◆ **Exercise directions**
Repeat the data below in full. Pictures must not be part of the copy.

Brief descriptive captions:
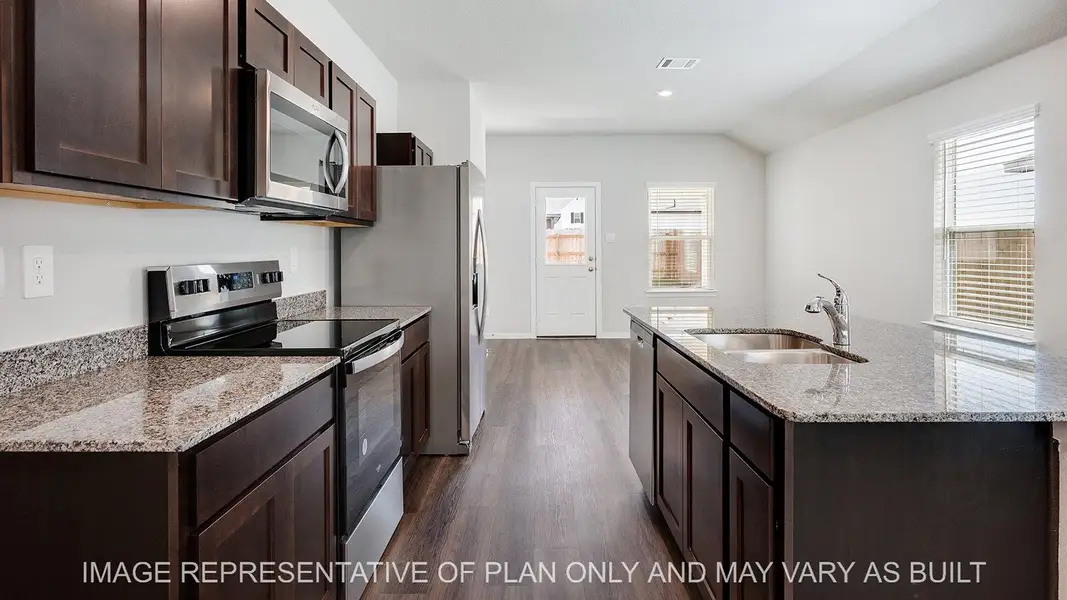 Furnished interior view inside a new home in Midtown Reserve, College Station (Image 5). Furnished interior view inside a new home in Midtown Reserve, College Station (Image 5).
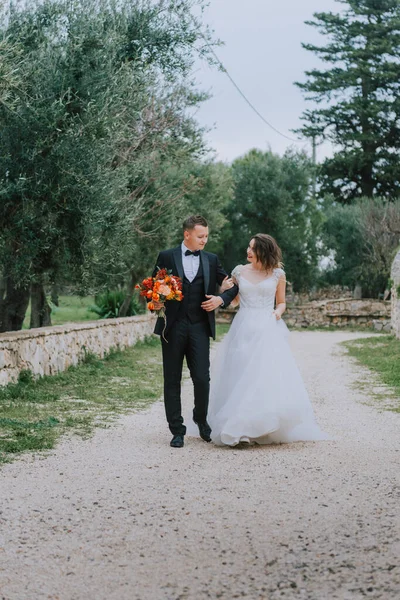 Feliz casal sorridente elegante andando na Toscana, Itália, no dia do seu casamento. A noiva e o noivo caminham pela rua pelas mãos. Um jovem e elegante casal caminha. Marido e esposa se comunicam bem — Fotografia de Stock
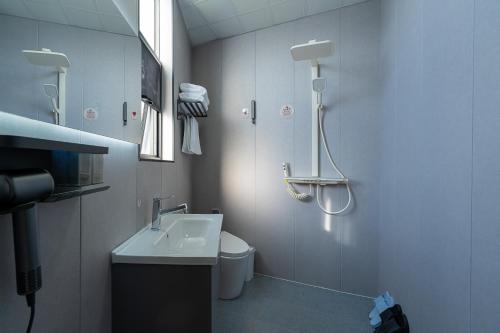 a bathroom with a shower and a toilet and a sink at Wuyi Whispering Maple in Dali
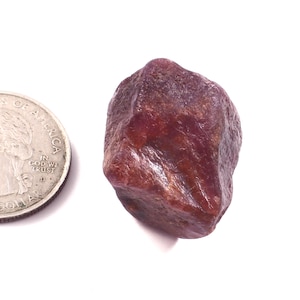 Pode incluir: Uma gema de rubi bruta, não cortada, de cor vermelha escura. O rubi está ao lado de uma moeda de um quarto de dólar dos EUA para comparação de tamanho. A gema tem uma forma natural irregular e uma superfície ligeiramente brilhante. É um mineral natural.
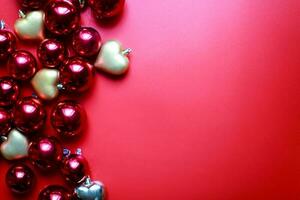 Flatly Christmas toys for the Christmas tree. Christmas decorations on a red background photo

◆ **Response area**
 Furnished interior view inside a new home in Midtown Reserve, College Station (Image 5). Furnished interior view inside a new home in Midtown Reserve, College Station (Image 5).
 Feliz casal sorridente elegante andando na Toscana, Itália, no dia do seu casamento. A noiva e o noivo caminham pela rua pelas mãos. Um jovem e elegante casal caminha. Marido e esposa se comunicam bem — Fotografia de Stock
 a bathroom with a shower and a toilet and a sink at Wuyi Whispering Maple in Dali
 Pode incluir: Uma gema de rubi bruta, não cortada, de cor vermelha escura. O rubi está ao lado de uma moeda de um quarto de dólar dos EUA para comparação de tamanho. A gema tem uma forma natural irregular e uma superfície ligeiramente brilhante. É um mineral natural.
 Flatly Christmas toys for the Christmas tree. Christmas decorations on a red background photo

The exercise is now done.